From the Folio Society edition of A Flower Fairy Alphabet
My buds, they cluster small and green;
The sunshine gaineth heat:
Soon shall the Hawthorn tree be clothed,
As with a snowy sheet.
— The Song of the May Fairy
Madeleine L’Engle once wisely advised fellow writers that if a book would be too difficult for adults, then write it for children. I feel that poetry is often the same way — it is rarely read by adults in our modern era when frequently it is too difficult to take the time to pause, contemplate, and soak in verses. But who among us did not enjoy Mother Goose growing up? Somehow this appreciation can become harder to understand with age.
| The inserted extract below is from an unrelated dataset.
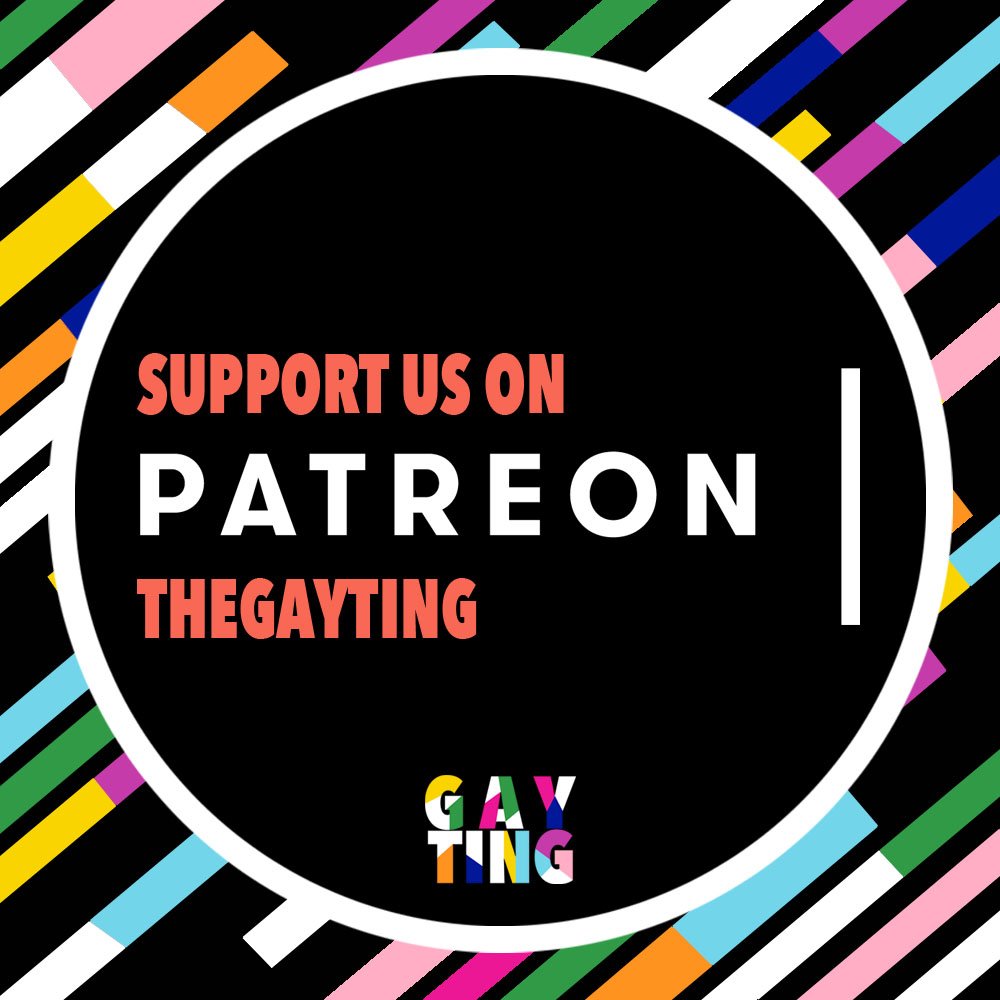 TheGayting's tweet photo. You can show your support now on Patreon! For now, we offer two different memberships! Become our Patreon at https://t.co/C7oFolMkWo https://t.co/vwKf6krGH8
Cicely Mary Barker published her first book of poetry, Flower Fairies of the Spring, in 1923. Each poem describes a fairy belonging to a certain flower accompanied by a whimsical watercolor illustration presented on the opposite page. Seven more books of flower fairy poetry followed to form a bestselling series; in addition to fairies of the four seasons, there are the fairies of the garden, of the trees, of the wayside, and of the alphabet. Barker’s love of botany renders each delicate depiction an educational work of art as her paintings have been praised through the ages for their botanical accuracy. She also apparently made a great study of insects as the fairy wings in her paintings portray detailed copies of many butterflies and other flying insects.
The fairies themselves were also painted from life — children attending her sister’s nursery school provided a wide variety of innocent little faces. Barker once said, “For many years I had an atmosphere of children about me — I never forgot it.”
The Folio Society has recently published a box set of these exquisite little volumes as a complete collection. In addition to containing every fairy ever painted by Barker, painstakingly restored from the original editions held at the Frederick Warne Archive, each volume also contains her decorative line drawings presented in a screen printed binding with individual designs inspired by fairies. Gold and silver gilded page edges, printed endpapers, and a decorated slipcase complete this sumptuous little set.
In an increasingly urbanized era when children are distanced from nature, reading and fantasy help restore a connection to the beauties of the natural world around them. Readers both young and old will feel the stirrings of imagination through her tantalizing hints of woodland magic.